Architecture & CoreDecisions
0001 hybrid scraper architecture
ADR 0001: Hybrid Scraper Architecture
Status
ACCEPTED
Context
We need to scrape e-commerce data (CJ, AliExpress) reliably.
- Problem 1: CJ Dropshipping has aggressive WAF/shield (Cloudflare) that blocks standard datacenter IPs.
- Problem 2: Serverless (Cloudflare Workers) cannot hold long-lived connections for headless browsers easily/cheaply.
- Problem 3: 3rd party APIs (ZenRows) are expensive for high volume.
Decision
We implement a Hybrid Governed Architecture:
- Primary: Oracle Cloud VPS (Free Tier) running a Python/Playwright server (
deploy/vps-scraper).- Why: Real browser fingerprint, resident IP, full control.

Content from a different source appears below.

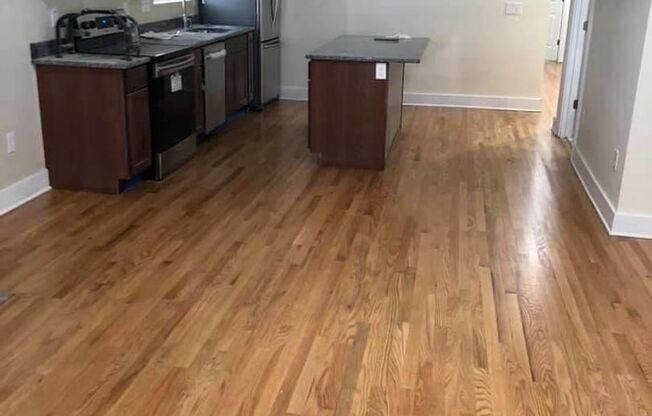 PECK PARK APARTMENTS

- Fallback: ZenRows (Serverless API).
- Why: Reliable backup if VPS is detected/down.
- Governor:
ScraperGovernor(Proxy Pattern) in Backend.- Logic: Circuit Breaker opens after 5 VPS failures -> Failover to ZenRows -> Penalty of 20% on confidence score.
Consequences
- Positive: High reliability, low cost (Free VPS), audit trail of source confidence.
- Negative: Operational overhead of managing a VPS (SSH, updates, reboot).